There is an old adage that the best way to measure church growth is by assessing the “Three Big Bs”: butts-in-pews, budgets, and buildings. According to Kevin Ezell of the Southern Baptist Convention North American Mission Board, this adage is antiquated and may have to change.
In a board meeting last month, Ezell explained, “Success [of a church] cannot be defined based on how many people a church keeps [or attracts]…We must help [churches] redefine success based on how many people a church sends” (“NAMB calls for new definition of church success,” by Joe Westbury, The Christian Index 20 February 2014).
John Buchanon, editor of The Christian Century, echoed Ezell’s sentiment when he recently encouraged readers to “call a moratorium on counting [church] members” (“Being Christ’s Body,” The Christian Century 5 March 2014).
It’s about time too: Nearly four years ago, our church stopped keeping attendance, and we were instantly liberated from all of the anxiety that results from “managing” church as if it is a for-profit business.
At the time, we started focusing on other factors to measure growth.
One factor included measuring spiritual growth instead. I was doing a dissertation on spiritual formation at the time, and I realized just how extremely difficult it was to determine whether people were growing spiritually.
Questions were raised: Do you count how many hours people pray and read their Bibles? Do you count how many people worship, attend a discipleship group, and participate in missions per month?
Do you quantify how many times people experience God in some form or fashion per quarter? And how do you define an “experience with God” anyway?
All of those questions were good ones, but they still included the notion of counting numbers as a valid way to measure progress.
After several years of hard work, we finally discovered that there are more effective ways of measuring spiritual growth in a church: We began to listen (now that we weren’t so anxious!) to how people talked about and reflected upon their faith.
We asked whether people could think critically about faith formation, make connections between the Bible and their life, and intuit how the Holy Spirit shaped their worldview. We asked if people understood that their life circumstances had spiritual significance and communicated something about their relationship with God.
Instead of punching numbers, we began listening more closely to the personal “narratives” people told about themselves; and, when they had trouble expressing that narrative, we provided a specific “spiritual grammar” that promoted the study of scripture, a life of worship, and Spirit-driven life all couched in God’s very welcome and embrace.
A second factor we used to measure church growth was by doing exactly what President Ezell recommended: We determined how “missional” the church was in the local and global community. This began, not by counting how many programs the church ran, but by assessing how people engaged in ministry on their own terms.
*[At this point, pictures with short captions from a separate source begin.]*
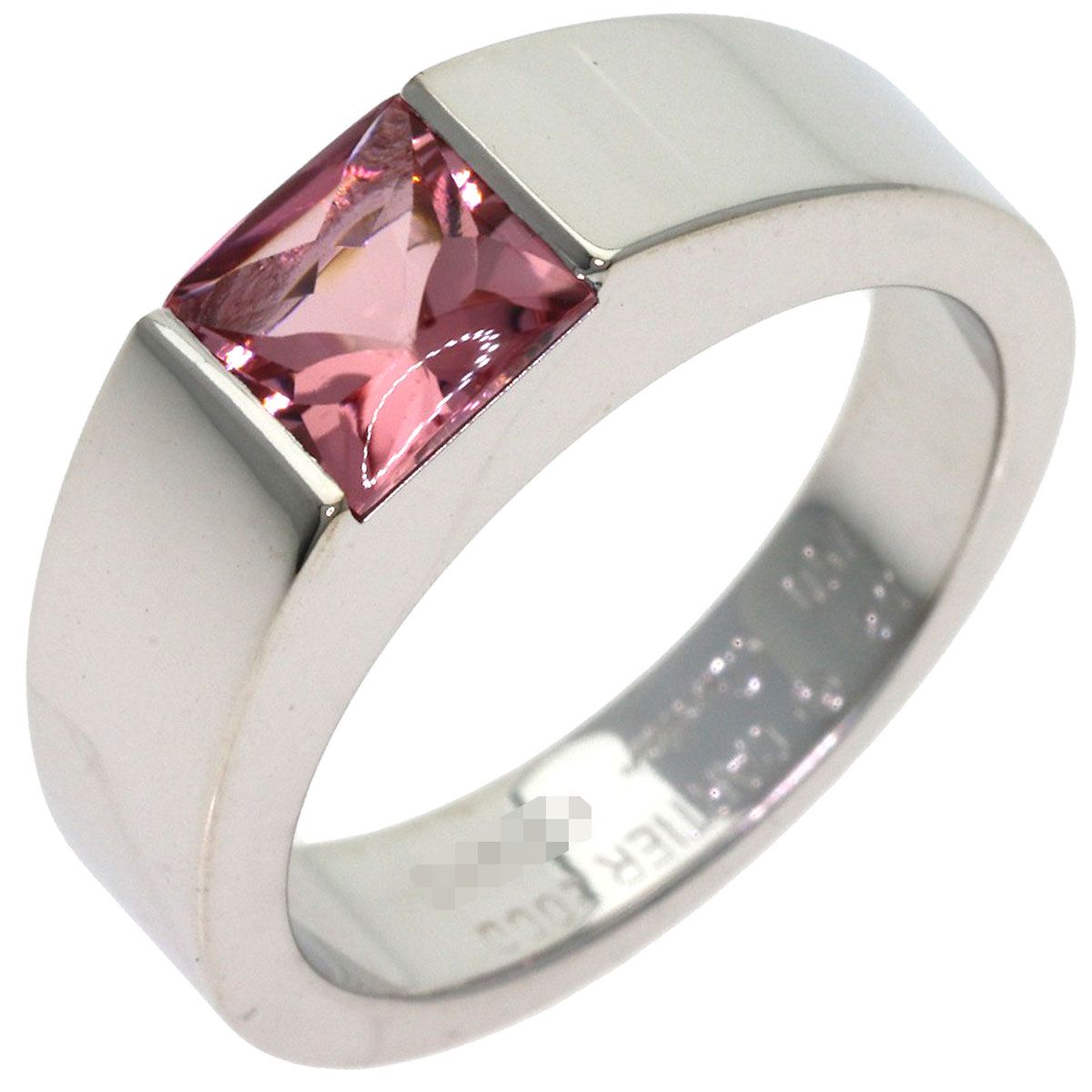 Cartier Tank Pink Tourmaline 52 Ring 18k White Gold — view 2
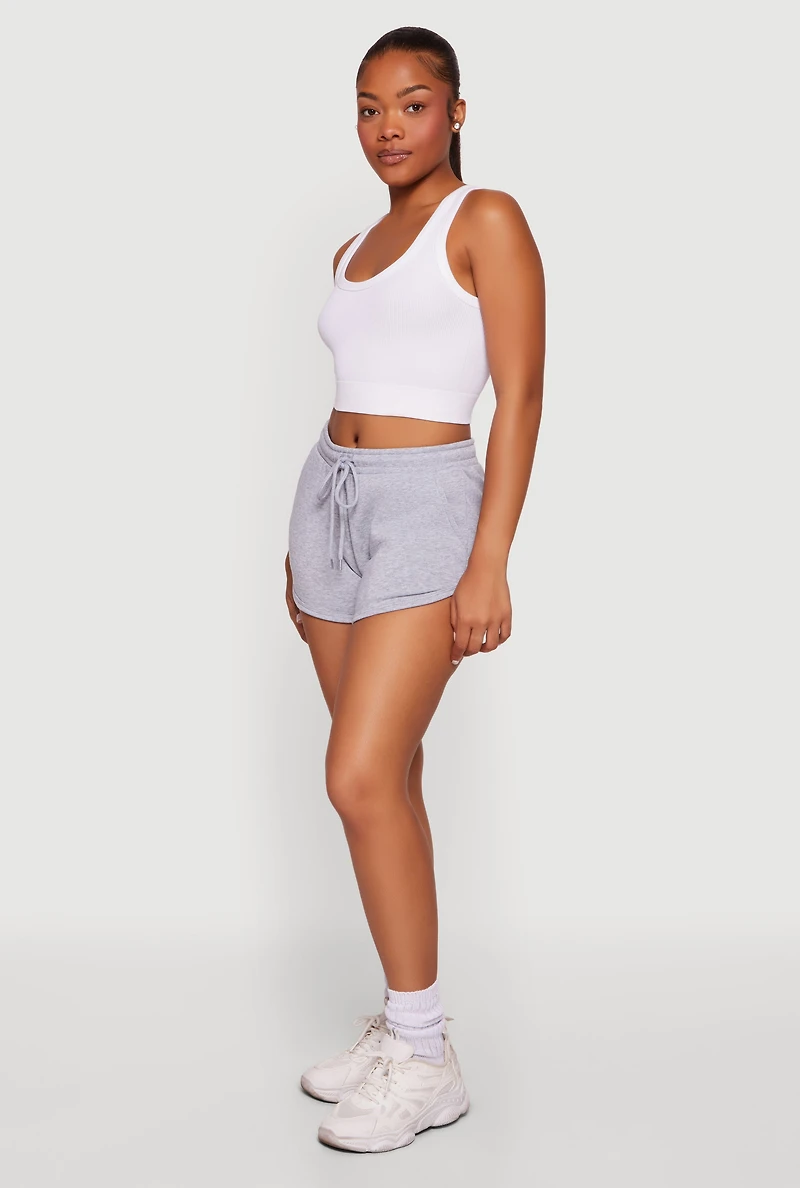 Drawstring Waist Dolphin Sweatshorts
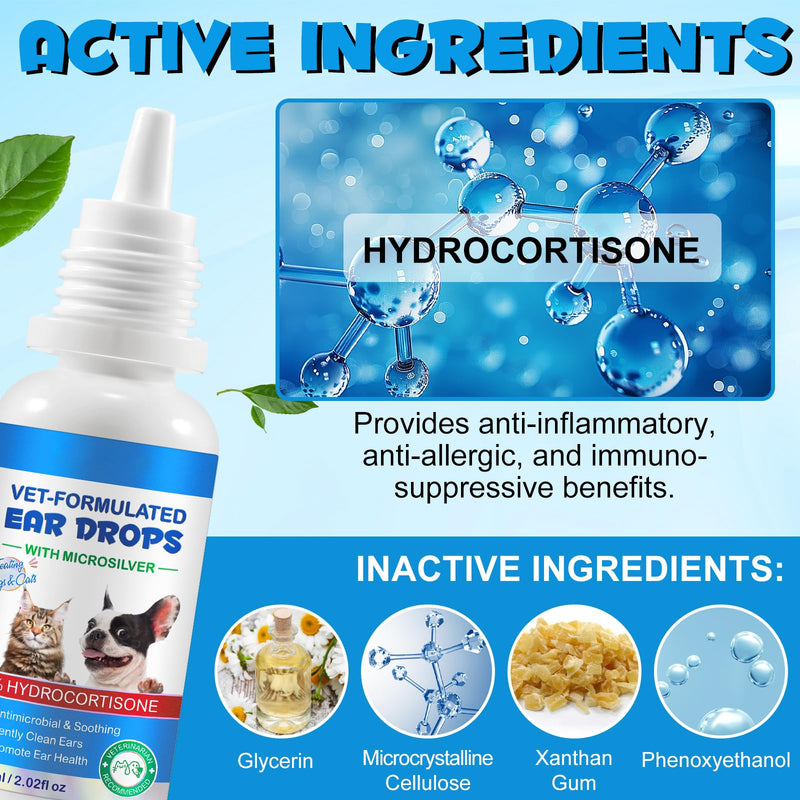 Dog Ear Infection Treatment Drops Yeast Ear Infection Treatment with 1% Hydrocortisone Ear Mites Treatment for Dogs Cat & Dog Ear Cleaner for Itchy Ear Relief (120ml) 120ml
This required the congregation to redefine itself as a “teaching church” that helped regular folks in the pews (not just the hired help) see themselves as active participants and ministers of the Gospel of Christ. We encouraged people to see that they were “priests” too, and that no opportunity to do ministry should go unnoticed.
We encouraged people in every age group to see that there is nothing that a Christian does in life that escapes the scrutiny of God’s sacred call.
Even the children are learning the language of ministry, not just the ability to give the “right answers” to Sunday School lessons. (Hint: The answer is “Jesus” every time anyway.)
This type of philosophy of ministry does not lend itself to “organized” missions or quantifiable church growth, but it does advocate for a healthy congregation bent on meeting God beyond the walls of the church rather than navel-gazing and running around trying to figure out what’s wrong.
Take Ezell’s advice: Ditch the numbers. Instead, ask if churchgoers are engaging in spiritual practices that bolster their relationship with God while committing to social practices that connect people with wherever God is moving in the world today.